Red panda, also known sometimes as cat bear and lesser panda, is largely herbivore. Slightly larger than a domestic cat, an adult red panda in the forest weighs around 4 kg. They lives in eastern Himalayas and southwestern China.

It feeds mainly on bamboo, but is omnivorous and may also eat eggs, birds, insects, and small mammals. These animals spend most of their lives in trees and even sleep aloft. When foraging, they are most active at night as well as in the gloaming hours of dusk and dawn.

The red panda has been classified as Vulnerable by IUCN because its population is estimated at fewer than 10,000 mature individuals.

Although red pandas are protected by national laws in their range countries, their numbers in the wild continue to decline mainly due to habitat loss and fragmentation, poaching, and inbreeding depression.

The poaching of red panda,for their  meat, while its hide is used to make decorative household items.local farmers in china kill the red pandas if they enter their farms.The Himalayan Times reported that a man was found selling 3 red panda skins highlights how poaching of such an endangered animal is on the rise. Red Panda is protected by the law but it is surprising how the person could get the panda skins all the way from Rasuwa district to Kathmandu.

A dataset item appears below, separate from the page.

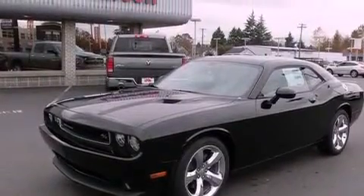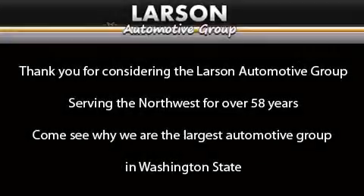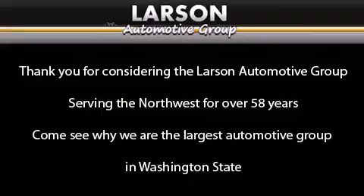We hope you found this video informative. Please contact us today. Thank you for considering the Larson Automotive Group, serving the Northwest for over 58 years. Come see why we are the largest automotive group in Washington State.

Protecting the red panda goes hand in hand with protecting its habitat. By conservation awareness among the locals to change their attitude for red panda. Thus it will encourage the local to build civil society network for red panda conservation.

There is a need of regional cooperation to control the wildlife trade and ensure long-term protection of the endangered species by managing their natural habitats and foster participatory biodiversity conservation

  Protecting the forest where red pandas live is the most important key to keeping them from disappearing.